Rester Motivé sur le Long Terme : La Clé du Succès en Stimulation Cognitive

Commencer est facile, continuer est le vrai défi. Découvrez les stratégies pour maintenir votre motivation et faire de la stimulation cognitive une habitude durable avec la SEP.

Vous avez commencé la stimulation cognitive avec enthousiasme. Les premières semaines, vous étiez assidu, motivé, curieux de découvrir les exercices. Puis, progressivement, l'enthousiasme initial s'est émoussé. Les sessions sont devenues moins régulières, puis occasionnelles, puis... vous avez arrêté. Cette histoire vous parle ? Vous n'êtes pas seul.
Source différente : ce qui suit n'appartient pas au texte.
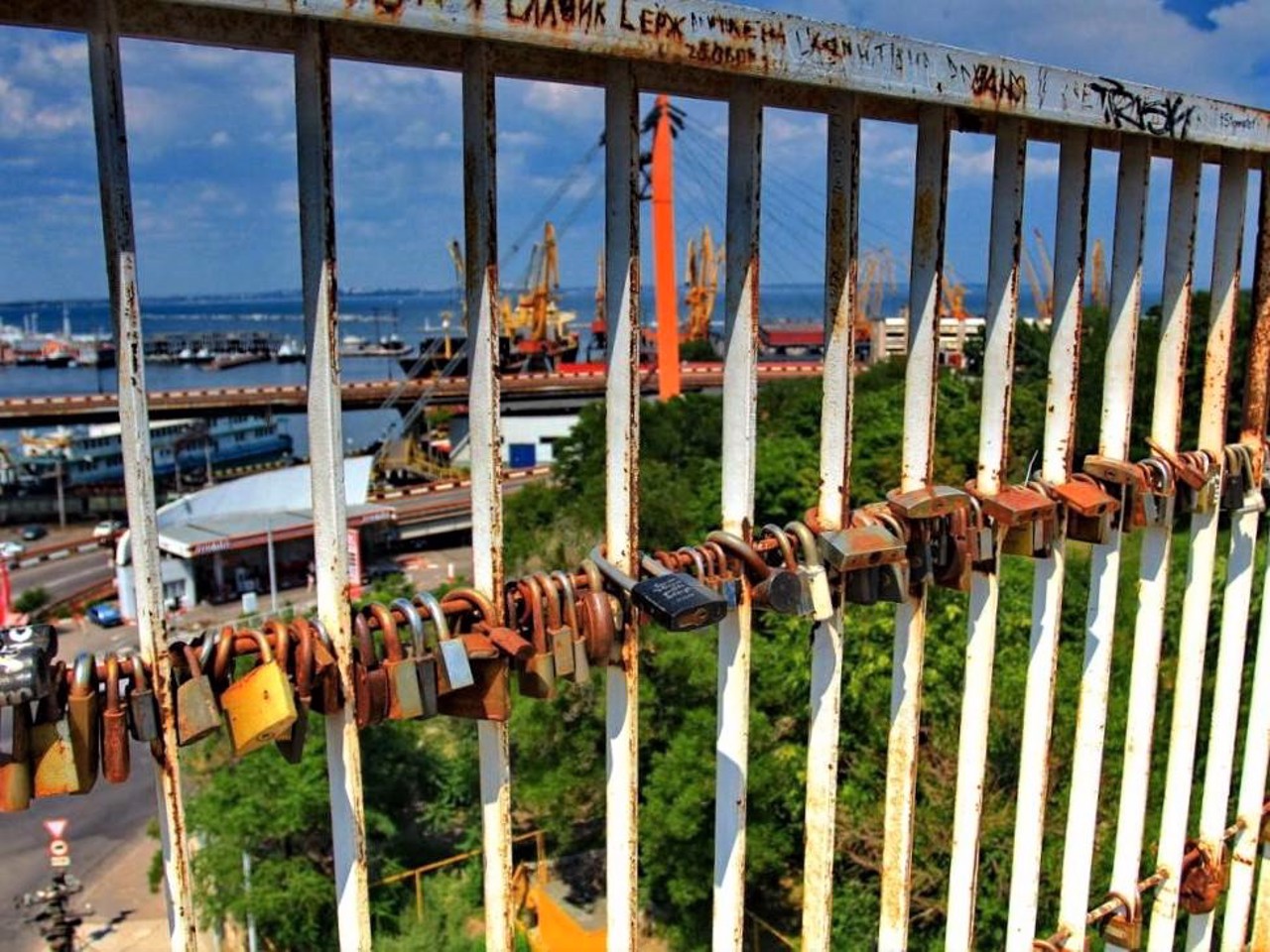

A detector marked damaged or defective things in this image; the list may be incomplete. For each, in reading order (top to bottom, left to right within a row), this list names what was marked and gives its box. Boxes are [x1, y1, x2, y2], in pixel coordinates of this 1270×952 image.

corroded padlock [222, 627, 296, 754]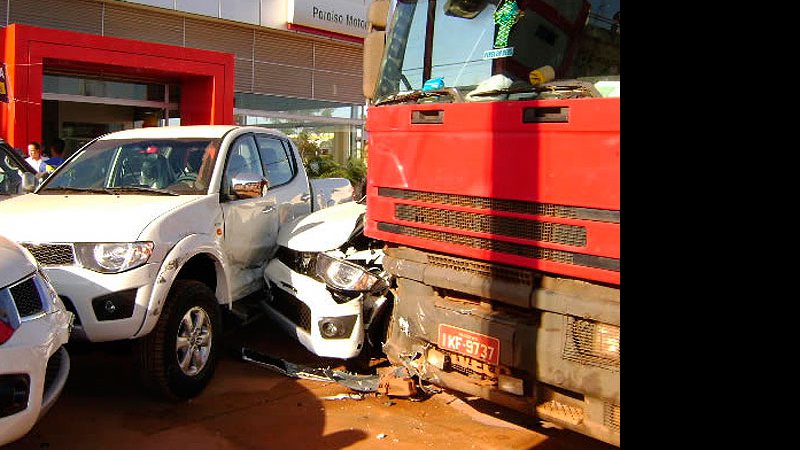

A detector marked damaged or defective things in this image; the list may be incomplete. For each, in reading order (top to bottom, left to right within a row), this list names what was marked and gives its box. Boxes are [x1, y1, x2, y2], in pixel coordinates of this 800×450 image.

crushed vehicle [0, 138, 37, 200]
crushed vehicle [0, 236, 73, 446]
crushed vehicle [0, 125, 350, 400]
collision damage [264, 200, 392, 358]
crushed vehicle [264, 200, 392, 362]
broken headlight [314, 253, 386, 292]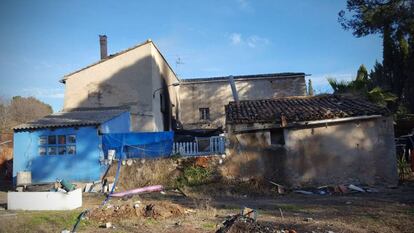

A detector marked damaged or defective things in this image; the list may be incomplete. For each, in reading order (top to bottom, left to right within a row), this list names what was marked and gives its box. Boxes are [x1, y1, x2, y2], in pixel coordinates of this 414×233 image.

broken roof tile on ground [225, 93, 390, 124]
Maintenir une habitude sur le long terme est un défi universel, encore plus difficile quand on vit avec la fatigue et les contraintes de la SEP. Cet article vous donne les clés pour transformer votre pratique en habitude durable.

Pourquoi la motivation s'essouffle

Comprendre pourquoi la motivation diminue avec le temps est la première étape pour y remédier. Plusieurs mécanismes entrent en jeu, et ils sont parfaitement normaux. Ne vous culpabilisez pas si vous avez déjà abandonné : c'est humain et cela arrive à tout le monde.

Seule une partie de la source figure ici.